Eppure costoro strillano lo stesso di “invasione” e di “emergenza”. Lo ha fatto anche il “progressista” Conte, anche lui in passerella elettorale a Lampedusa, ribadendo di essere contrario allo Ius soli (dare la cittadinanza a chi nasce in Italia da genitori stranieri, ndr) e che “il blocco navale è una presa in giro, ma non possiamo neanche dire oggi agli italiani che noi possiamo accogliere tutti i migranti”. Aggiungendo inoltre che “bisogna lavorare nei Paesi di transito e di origine, con l'intelligence. Potremmo usare ambasciate europee per scrutinare le domande”. Il che costituisce in definitiva un appoggio alla strategia antimigranti di Meloni.

Meloni invoca dall'Onu la guerra ai migranti
Mentre agita insieme a Salvini la bandiera “identitaria” contro Francia e Germania, Meloni rilancia anche sulla sua politica di accordi mercenari con i governi dittatoriali nord africani (Tunisia, Algeria, Libia, Egitto) per fare da carcerieri in cambio di soldi tenendo bloccati i migranti nei lager o respingendoli verso il deserto, impedendo loro di imbarcarsi o riportandoli a terra. O anche accettando che lo facciano le navi militari europee di una nuova “missione Sophia” nelle loro acque territoriali (perché in quelle internazionali non lo potrebbero fare se i migranti chiedono lo status di rifugiati, dato che quei paesi non sono considerati “porti sicuri”).

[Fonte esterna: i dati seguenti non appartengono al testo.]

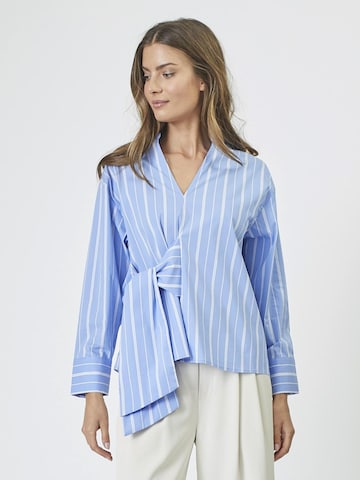 Chemisier 'Shira' co'couture en bleu : devant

La premier neofascista cerca non solo la sponda europea a questa sua politica, ma persino quella dell'Onu, come ha dimostrato col discorso che ha tenuto all'Assemblea delle Nazioni Unite e con i diversi incontri bilaterali che ha avuto con alcuni capi di governo Africani. Un discorso tutto incentrato sull'attacco all'“ipocrisia” dell'accoglienza e della solidarietà ai migranti, a cui ha contrapposto l'esortazione a “dichiarare una guerra globale e senza sconti ai trafficanti di esseri umani”; ove dietro il concetto di “guerra ai trafficanti” maschera il suo vero intento di fare la guerra ai migranti, che però non può dichiarare come tale.
Il suo obiettivo è infatti quello di convincere l'Onu a istituire, attraverso le sue organizzazioni umanitarie, dei campi di concentramento nei paesi di partenza e di transito dei migranti per vagliare sul posto chi ha diritto alla protezione umanitaria e rispedire indietro tutti gli altri, così da levare le castagne sul fuoco all'Italia e al resto dell'Europa. E comunque avere dalle istituzioni internazionali via libera legale e appoggio concreto, anche finanziario, alla sua politica di accordi coi governi africani per bloccare le partenze dei migranti e facilitare i rimpatri. E magari anche alle infami deportazioni forzate dietro compenso, sul modello applicato dal premier inglese Sunak con l'Uganda, che Meloni ha tanto lodato nella sua visita nel Regno Unito. A sondare infatti questa possibilità è servito probabilmente il suo abboccamento col presidente ugandese Kagame al Palazzo di vetro.